** INPUT MATERIAL **

+++++

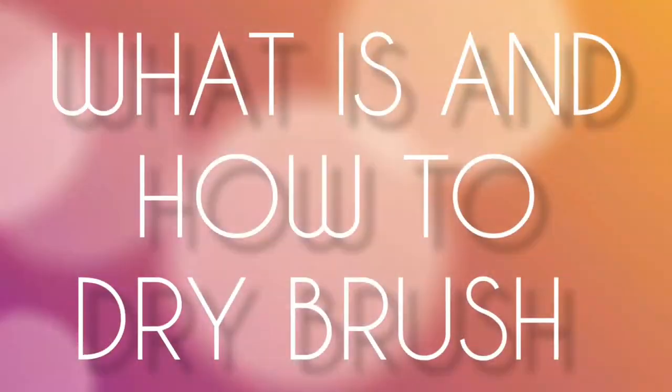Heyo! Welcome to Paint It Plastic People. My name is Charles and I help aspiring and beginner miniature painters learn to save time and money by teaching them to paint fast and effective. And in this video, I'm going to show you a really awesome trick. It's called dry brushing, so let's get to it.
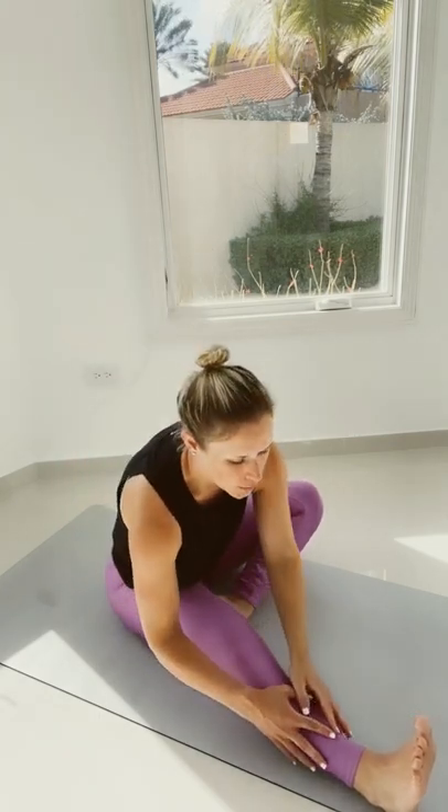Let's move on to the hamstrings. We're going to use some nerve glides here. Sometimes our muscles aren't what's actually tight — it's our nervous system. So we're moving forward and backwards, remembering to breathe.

+++++

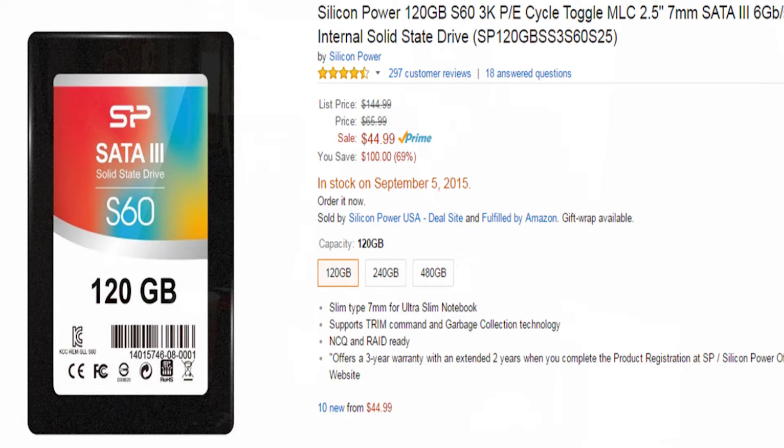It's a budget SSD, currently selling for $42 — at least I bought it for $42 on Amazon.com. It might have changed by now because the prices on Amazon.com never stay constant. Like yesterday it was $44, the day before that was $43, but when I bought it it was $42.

+++++

** WHAT THE TASK ASKS **
In the records above, find the line containing "Heyo! Welcome to" and the line containing "Let's move on", then give both of them again word for word along with every line between. Omit any pictures.

** FINISHED TASK **
Heyo! Welcome to Paint It Plastic People. My name is Charles and I help aspiring and beginner miniature painters learn to save time and money by teaching them to paint fast and effective. And in this video, I'm going to show you a really awesome trick. It's called dry brushing, so let's get to it.
Let's move on to the hamstrings. We're going to use some nerve glides here. Sometimes our muscles aren't what's actually tight — it's our nervous system. So we're moving forward and backwards, remembering to breathe.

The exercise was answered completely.